孟子對孔子勞動分工的學說又有所發展,孟子說:“無君子莫治野人,無野人莫養君子。”(《孟子·滕文公上》)這里暗示兩點內容:一是國家分“君子”和“野人”兩種。“君子”指一切脫離體力勞動的人們,包括國君、各級官吏、武士以及從事文學藝術、教育工作的各種文士。“野人”指鄉野之民,包括農民、手工業者和其他從事體力勞動的人們。二是孟子認為無論是勞力者還是勞心者,都是依靠各自的社會功能和社會需要而存在的,彼此是互相需要的,一個人不可能樣樣事情都由自己來完成。這可以通過孟子和農家許行的門徒陳相的辯論(《孟子·滕文公上》)中可以看出。此外,孟子認為,“君子”和“野人”的區別是“勞心”和“勞力”之分。他說:“故曰,或勞心,或勞力;勞心者治人,勞力者治于人;治于人者食人,治人者食于人;天下之通義也。”(《孟子·滕文公上》)孟子認為,“勞心者”從事各種治國活動,是“勞心”的事,統治別人,應受別人的供養;“勞力者”從事百工、稼穡之事,是“勞力”的事,應被人統治,須供養別人。

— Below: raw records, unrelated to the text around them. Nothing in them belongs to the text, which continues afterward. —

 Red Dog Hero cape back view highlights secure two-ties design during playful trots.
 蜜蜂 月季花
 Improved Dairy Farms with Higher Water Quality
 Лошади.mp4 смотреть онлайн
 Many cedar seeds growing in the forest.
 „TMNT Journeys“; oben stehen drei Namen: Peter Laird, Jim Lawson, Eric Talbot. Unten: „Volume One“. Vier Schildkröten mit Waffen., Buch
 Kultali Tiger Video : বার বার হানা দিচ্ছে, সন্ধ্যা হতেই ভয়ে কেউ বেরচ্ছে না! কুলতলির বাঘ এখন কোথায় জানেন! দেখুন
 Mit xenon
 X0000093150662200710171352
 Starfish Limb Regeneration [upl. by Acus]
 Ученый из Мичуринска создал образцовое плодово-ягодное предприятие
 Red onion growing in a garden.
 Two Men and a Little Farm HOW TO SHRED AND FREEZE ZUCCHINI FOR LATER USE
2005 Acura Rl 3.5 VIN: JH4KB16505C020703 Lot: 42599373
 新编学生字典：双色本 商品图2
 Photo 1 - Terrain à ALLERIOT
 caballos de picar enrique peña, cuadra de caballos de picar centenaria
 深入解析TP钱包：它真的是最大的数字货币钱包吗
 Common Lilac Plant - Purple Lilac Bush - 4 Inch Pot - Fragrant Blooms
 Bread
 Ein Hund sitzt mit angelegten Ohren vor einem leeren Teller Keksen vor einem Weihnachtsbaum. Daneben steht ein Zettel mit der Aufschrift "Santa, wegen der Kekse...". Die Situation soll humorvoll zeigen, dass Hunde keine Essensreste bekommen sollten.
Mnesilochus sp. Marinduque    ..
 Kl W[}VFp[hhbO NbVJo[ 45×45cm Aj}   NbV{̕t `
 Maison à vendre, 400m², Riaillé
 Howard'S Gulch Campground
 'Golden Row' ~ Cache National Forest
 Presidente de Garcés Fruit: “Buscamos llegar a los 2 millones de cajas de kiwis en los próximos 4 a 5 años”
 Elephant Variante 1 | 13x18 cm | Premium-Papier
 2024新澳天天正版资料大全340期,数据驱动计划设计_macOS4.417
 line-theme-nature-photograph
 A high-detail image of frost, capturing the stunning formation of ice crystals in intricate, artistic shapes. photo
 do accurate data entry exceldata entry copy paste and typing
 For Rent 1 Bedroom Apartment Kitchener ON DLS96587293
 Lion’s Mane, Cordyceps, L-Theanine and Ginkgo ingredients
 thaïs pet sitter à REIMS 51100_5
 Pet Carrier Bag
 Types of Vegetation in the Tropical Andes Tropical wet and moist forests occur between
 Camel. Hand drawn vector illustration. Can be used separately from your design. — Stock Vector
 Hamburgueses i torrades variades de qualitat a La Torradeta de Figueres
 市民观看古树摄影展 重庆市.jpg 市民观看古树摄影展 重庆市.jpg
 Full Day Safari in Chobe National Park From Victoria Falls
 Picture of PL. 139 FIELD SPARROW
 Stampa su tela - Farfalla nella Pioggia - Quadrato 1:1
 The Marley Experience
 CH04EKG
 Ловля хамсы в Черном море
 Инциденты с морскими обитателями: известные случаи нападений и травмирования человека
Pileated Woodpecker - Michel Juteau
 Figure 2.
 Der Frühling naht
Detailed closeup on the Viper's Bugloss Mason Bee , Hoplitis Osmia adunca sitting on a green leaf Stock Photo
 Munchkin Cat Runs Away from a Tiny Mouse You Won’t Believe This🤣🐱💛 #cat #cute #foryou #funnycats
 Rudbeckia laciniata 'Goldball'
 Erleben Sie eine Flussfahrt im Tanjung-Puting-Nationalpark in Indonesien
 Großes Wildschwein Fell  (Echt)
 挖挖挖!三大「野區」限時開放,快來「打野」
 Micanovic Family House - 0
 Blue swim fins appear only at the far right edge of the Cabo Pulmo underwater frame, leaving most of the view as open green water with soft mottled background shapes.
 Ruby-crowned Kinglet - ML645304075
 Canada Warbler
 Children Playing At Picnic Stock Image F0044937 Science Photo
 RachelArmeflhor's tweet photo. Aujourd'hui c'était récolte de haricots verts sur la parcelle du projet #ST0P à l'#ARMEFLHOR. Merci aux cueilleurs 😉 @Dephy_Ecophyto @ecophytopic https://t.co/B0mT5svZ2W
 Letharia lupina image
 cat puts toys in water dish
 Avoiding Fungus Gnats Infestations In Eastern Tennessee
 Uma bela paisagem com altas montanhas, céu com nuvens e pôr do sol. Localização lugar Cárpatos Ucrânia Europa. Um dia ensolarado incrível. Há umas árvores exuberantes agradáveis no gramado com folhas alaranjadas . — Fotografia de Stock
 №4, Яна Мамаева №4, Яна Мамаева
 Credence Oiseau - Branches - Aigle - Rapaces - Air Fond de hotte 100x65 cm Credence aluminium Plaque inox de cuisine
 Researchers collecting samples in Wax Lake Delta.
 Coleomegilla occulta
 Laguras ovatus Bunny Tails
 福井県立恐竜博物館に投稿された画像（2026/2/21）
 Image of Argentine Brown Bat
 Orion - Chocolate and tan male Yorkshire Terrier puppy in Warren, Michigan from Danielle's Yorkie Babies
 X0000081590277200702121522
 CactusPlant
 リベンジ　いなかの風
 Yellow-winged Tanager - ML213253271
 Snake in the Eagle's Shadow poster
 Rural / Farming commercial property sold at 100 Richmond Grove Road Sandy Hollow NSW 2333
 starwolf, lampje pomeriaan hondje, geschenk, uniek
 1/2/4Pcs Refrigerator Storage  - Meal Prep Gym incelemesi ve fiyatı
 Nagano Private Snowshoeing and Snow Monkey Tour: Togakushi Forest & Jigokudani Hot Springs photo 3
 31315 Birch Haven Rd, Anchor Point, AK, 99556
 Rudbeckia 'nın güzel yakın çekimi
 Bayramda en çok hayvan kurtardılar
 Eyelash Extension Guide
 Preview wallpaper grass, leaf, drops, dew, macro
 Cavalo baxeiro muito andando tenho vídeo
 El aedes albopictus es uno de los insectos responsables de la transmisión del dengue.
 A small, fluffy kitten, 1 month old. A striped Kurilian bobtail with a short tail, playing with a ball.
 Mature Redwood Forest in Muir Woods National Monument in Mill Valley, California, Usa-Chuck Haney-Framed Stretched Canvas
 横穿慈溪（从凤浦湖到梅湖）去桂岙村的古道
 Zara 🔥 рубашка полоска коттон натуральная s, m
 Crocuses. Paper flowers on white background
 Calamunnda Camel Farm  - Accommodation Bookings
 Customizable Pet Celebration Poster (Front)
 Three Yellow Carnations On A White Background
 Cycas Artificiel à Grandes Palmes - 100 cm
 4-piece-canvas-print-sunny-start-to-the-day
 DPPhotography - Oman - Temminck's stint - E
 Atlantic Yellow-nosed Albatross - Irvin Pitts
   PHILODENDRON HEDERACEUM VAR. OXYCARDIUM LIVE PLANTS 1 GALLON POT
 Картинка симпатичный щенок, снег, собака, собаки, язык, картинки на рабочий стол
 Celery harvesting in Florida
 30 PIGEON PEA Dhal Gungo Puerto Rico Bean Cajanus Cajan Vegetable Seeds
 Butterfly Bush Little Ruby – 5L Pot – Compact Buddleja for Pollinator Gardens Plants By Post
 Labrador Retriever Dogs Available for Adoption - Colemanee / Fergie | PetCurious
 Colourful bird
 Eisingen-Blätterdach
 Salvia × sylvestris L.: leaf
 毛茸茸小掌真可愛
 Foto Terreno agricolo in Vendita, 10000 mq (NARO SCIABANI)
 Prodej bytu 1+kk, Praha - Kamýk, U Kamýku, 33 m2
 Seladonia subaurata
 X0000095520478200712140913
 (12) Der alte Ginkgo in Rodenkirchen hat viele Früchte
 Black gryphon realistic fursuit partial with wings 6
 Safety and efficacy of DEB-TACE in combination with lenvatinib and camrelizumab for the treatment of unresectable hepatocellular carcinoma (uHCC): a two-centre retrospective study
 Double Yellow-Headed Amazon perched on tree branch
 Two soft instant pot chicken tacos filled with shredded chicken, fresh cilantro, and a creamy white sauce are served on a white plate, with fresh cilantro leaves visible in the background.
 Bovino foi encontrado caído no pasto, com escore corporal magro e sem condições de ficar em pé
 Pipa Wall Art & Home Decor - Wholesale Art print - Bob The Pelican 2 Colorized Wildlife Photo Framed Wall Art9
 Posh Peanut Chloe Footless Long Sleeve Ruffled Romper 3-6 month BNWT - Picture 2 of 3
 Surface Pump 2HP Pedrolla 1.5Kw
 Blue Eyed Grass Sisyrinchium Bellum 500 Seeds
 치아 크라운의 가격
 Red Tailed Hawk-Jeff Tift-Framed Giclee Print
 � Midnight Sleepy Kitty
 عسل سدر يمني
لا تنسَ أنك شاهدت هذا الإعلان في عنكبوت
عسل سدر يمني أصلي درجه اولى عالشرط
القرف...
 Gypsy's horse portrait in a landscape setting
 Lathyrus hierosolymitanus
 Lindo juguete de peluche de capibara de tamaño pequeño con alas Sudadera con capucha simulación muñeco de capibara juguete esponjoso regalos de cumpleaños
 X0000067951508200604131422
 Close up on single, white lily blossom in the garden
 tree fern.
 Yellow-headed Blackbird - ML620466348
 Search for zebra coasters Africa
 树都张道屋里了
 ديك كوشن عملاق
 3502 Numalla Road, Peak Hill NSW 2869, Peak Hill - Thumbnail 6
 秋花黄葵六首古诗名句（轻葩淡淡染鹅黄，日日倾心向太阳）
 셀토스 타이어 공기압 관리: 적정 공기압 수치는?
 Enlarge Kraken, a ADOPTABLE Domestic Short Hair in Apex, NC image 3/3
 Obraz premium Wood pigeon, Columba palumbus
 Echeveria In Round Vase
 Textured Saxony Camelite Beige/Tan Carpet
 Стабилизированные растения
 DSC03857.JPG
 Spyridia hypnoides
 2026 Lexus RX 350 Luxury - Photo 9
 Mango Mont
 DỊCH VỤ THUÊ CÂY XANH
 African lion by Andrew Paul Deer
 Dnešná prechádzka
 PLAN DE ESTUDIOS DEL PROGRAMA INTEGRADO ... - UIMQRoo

荀子勞動分工的觀點在孔孟的基礎上又有所發展。“君子以德,小人以力。”(《荀子·富國》)荀子不但注意到了以腦力勞動為生的君子和以體力勞動為生的“小人”外,還注意到了百工和商賈之流:“農以力盡田,賈以察盡財,百工以巧盡械器,士大夫以上至于公侯莫不以仁厚知能盡官職。”(《荀子·榮辱》)同時,荀子對因分工獲得財富給予肯定。
三、關于勞動分配的觀點
在諸侯和士大夫生產資料的分配上,孔子提出了“(丘也聞有國有家者)不患寡而患不均,不患貧而患不安。蓋均無貧,和無寡,安無傾”(《論語·季氏》)的主張。這里的“均”,并非主張將全社會的財富重新絕對平均分配,前面有“丘也聞有國有家者”之語,即按照“國”和“家”也就是諸侯國和大夫的等級地位均等分配,使臣民各安其分,和諧相處,既可以使社會穩定,又不會有亡國破家的危險。在勞動者生活資料的分配上,他提出了“足食”“所重民食喪祭”的觀點,認為百姓富足方能國家富足、政權穩定。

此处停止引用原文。